The stringent new rules will tell Manchester City Council planning chiefs to reject any flat developments proposed outside the district centres - and to instead favour family housing.
They come after a number of high-profile cases in which builders have targeted green spaces for housing blocks and large family homes have been converted into apartments.
New figures have revealed that of all the new buildings erected across south Manchester between April 2004 and March 2005, 70 per cent were flats. Val Stevens, deputy leader of Manchester City Council and a Chorlton councillor, said: "This is a clear message to developers that the party is over.
"We have now reached the stage where south Manchester is becoming a concrete jungle and these regeneration plans haven’t come a moment too soon.
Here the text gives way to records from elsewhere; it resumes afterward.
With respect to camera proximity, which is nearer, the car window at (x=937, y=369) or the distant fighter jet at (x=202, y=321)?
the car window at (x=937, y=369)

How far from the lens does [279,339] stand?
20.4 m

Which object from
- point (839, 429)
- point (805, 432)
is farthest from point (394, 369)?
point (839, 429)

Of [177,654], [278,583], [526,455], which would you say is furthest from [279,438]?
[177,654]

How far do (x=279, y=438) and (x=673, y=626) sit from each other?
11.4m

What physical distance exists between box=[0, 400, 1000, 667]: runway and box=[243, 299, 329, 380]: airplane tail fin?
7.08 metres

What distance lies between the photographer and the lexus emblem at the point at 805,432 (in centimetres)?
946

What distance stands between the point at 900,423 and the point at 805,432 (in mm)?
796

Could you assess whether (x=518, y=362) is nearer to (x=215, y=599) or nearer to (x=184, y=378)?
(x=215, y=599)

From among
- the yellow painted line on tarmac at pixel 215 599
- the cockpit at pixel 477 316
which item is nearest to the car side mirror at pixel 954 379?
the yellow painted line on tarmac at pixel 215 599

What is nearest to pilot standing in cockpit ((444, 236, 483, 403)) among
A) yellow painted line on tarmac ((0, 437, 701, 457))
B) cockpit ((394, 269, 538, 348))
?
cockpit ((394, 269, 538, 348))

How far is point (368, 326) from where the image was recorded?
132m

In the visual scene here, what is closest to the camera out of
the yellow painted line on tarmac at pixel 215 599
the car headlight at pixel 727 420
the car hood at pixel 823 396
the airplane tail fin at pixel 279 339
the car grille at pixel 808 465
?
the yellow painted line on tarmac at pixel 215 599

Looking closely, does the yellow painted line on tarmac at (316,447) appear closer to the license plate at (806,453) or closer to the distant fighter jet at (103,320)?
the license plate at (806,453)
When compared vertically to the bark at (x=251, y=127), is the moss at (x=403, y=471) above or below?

"The last few years have seen a tip in the balance between the number of houses and flats and it has now become very clear that the scales have gone too far in favour of flat developments.
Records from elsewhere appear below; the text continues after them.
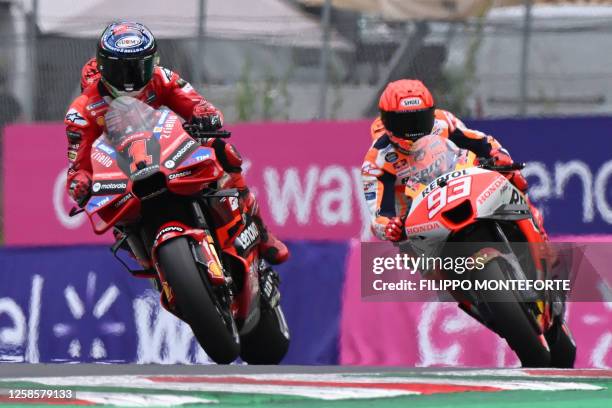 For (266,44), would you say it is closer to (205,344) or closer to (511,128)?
(511,128)

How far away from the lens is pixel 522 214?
795cm

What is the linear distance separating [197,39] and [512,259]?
6.73 meters

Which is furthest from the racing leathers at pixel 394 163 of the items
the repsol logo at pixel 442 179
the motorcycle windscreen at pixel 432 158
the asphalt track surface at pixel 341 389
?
the asphalt track surface at pixel 341 389

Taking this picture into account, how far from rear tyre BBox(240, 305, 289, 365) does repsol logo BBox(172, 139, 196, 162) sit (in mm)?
1256

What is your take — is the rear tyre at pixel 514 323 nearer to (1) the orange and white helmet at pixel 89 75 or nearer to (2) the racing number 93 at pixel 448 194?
(2) the racing number 93 at pixel 448 194

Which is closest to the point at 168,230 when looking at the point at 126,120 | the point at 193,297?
the point at 193,297

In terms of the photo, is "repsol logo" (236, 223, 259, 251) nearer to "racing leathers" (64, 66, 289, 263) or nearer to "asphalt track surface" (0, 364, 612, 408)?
"racing leathers" (64, 66, 289, 263)

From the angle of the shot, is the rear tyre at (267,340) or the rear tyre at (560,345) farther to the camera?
the rear tyre at (267,340)

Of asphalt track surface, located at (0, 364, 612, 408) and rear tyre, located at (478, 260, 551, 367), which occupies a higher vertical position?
asphalt track surface, located at (0, 364, 612, 408)

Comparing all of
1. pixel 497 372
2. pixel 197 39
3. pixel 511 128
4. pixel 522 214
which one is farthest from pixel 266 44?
pixel 497 372

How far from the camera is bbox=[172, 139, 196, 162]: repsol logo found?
26.0ft

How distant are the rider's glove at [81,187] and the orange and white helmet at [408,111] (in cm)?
180

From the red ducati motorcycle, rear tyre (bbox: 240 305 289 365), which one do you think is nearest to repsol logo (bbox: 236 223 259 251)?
the red ducati motorcycle

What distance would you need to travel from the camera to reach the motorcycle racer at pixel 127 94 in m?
8.23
"What we need are more family homes and we also need to ensure that we keep the character of south Manchester’s suburbs, rather than just filling them with bland developments."
The policy came into force just in time for one of Didsbury’s architectural gems, the Rookery. Its gardens had been earmarked for development for 24 new apartments by developers Median Homes.
An appeal against the council planning committee’s refusal of the application was recently rejected.
The decision, which was viewed as a test case, is now being hailed as proof that the new policy will be effective at holding back the tide of new developments.
Mary Paul, chair of Chorlton Civic Society, said she hoped that there would now be more of a focus on building family homes.
She added: "I am very pleased that we won’t be seeing any more flats for the time being.
"They are not what is needed.
"Family homes should be the main concern - there just aren’t enough of them."
The new rules fall in line with the aims of the council’s South Manchester Strategic Regeneration Framework, a final version of which is expected to be produced this summer.
Angela Harrington, acting head of South Manchester Regeneration, said: "The emphasis behind new housing schemes should be to maintain and increase the levels of family housing in the area, using the city council’s recently-approved planning policy to control how and where apartments are built.
"This will apply equally to converting larger family homes into apartments."
The new rules come as one estate agents claimed that the market was already saturated with apartment developments.
Laura Heywood, of Emma Hatton estate agent on Barlow Moor Road, Chorlton, said: "What we are seeing is that a lot of flats are still empty and just can’t be shifted.
"In stark contrast with this there is a desperate need for family homes."
Councillor Neil Swannick, executive member for planning, said: "We want developers to take notice."